Here are some farmgirl money tips to help you achieve your dream- whether it is to farm full-time, buy a homestead, homestead where you are, be a stay-at-home mom, or just live on less.
You Don’t Need to Make More, You Need to Spend Less
I love books on pioneering and old ways of living. In the Foxfire books that I am reading, the old timers chose to continue living how they always did, even in the 1970’s, when they could have lived a modern life. Many of us do not want to give up anything. We work, and work, for things that do not add to our life or that could easily be lived without. It’s all in your perspective. I didn’t grow up with much and my husband grew up with a lot, so I think we live in the Ritz and he thinks we are living rather low on the totem pole. I would be just as happy in a much smaller house (our current house is 1100 sq. ft.) in a warm climate, off-grid. Doug cannot live without his IPOD and wifi. So, we meet in the middle and homestead our own way. You can too. Remember, don’t make more, spend less.
Do you need cable television?
How much do you spend on subscription services like Netflix, Amazon, and the like?
Can you use the computers at the library for wifi?
Do you need a new car, or can you buy a used one with cash?
Do you need a smart phone? Do you need all the bells and whistles?
You can lower your electric bill substantially by unplugging anything that leaches energy. Unplug phone cords, lower unused freezers down to their lowest setting, turn off the porch light, turn off lights when not in use, turn off the LED lights on appliances. When making a new purchase, try to get one that is manual instead of one that plugs in. Use a clothes line instead of the dryer. Get some kerosene lamps for winter!
You can lower your gas bill substantially by investing in a wood stove. Not only will you be set if the power or furnace goes out, you will have the lovely ambiance of a stove that you can warm by or cook on while cutting your gas bill.
Good Savings Habits
Stay away from credit cards! Warning, money trap! 28% interest! You do not need them to raise your credit. You can still buy a house. And for everything else we are going to try not to take out loans and use cash, so the high credit score is moot anyway!

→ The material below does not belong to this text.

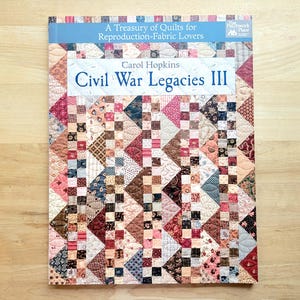 May include: A book titled "Civil War Legacies III" by Carol Hopkins. The cover features a colorful patchwork quilt design with various fabric patterns in shades of red, brown, and cream. The book is part of the "A Treasury of Quilts for Reproduction-Fabric Lovers" series.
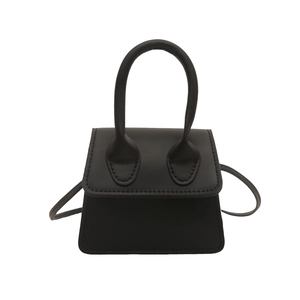 Retro black trapezoid mini handbag with oversized curved handle and shoulder strap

Use a cash based budget and you will save money. It is far too easy to use plastic money these days.
Put up $1000 for emergencies and then pay off debt.

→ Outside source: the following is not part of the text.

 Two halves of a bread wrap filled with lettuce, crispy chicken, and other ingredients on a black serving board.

Some money every month needs to go towards debt. The sooner we all get out of debt (we’ve made our fair amount of bad decisions and have a bit of debt), the sooner we regain our freedom and live better.
This one came from my son (who is, thankfully, much smarter than we are about money)- take half of what you have left over after paying bills and put it in savings. “Even if you have $25, put $12.50 in savings!” Andy told me. Smart kid.
Look where your money is going to. At the beginning of the month, before the lockdown was over, I had $400 extra to put towards my car payment in addition to the regular payment. Once the restaurants opened up again, there isn’t a cent of it left! What is your vice? Around here, a lot of people spend a lot of money on marijuana. Alcohol isn’t cheap. New cars aren’t cheap. In order to live a simpler, more peaceful lifestyle, we all have to figure out what can go. What we don’t need. What we no longer want to work towards.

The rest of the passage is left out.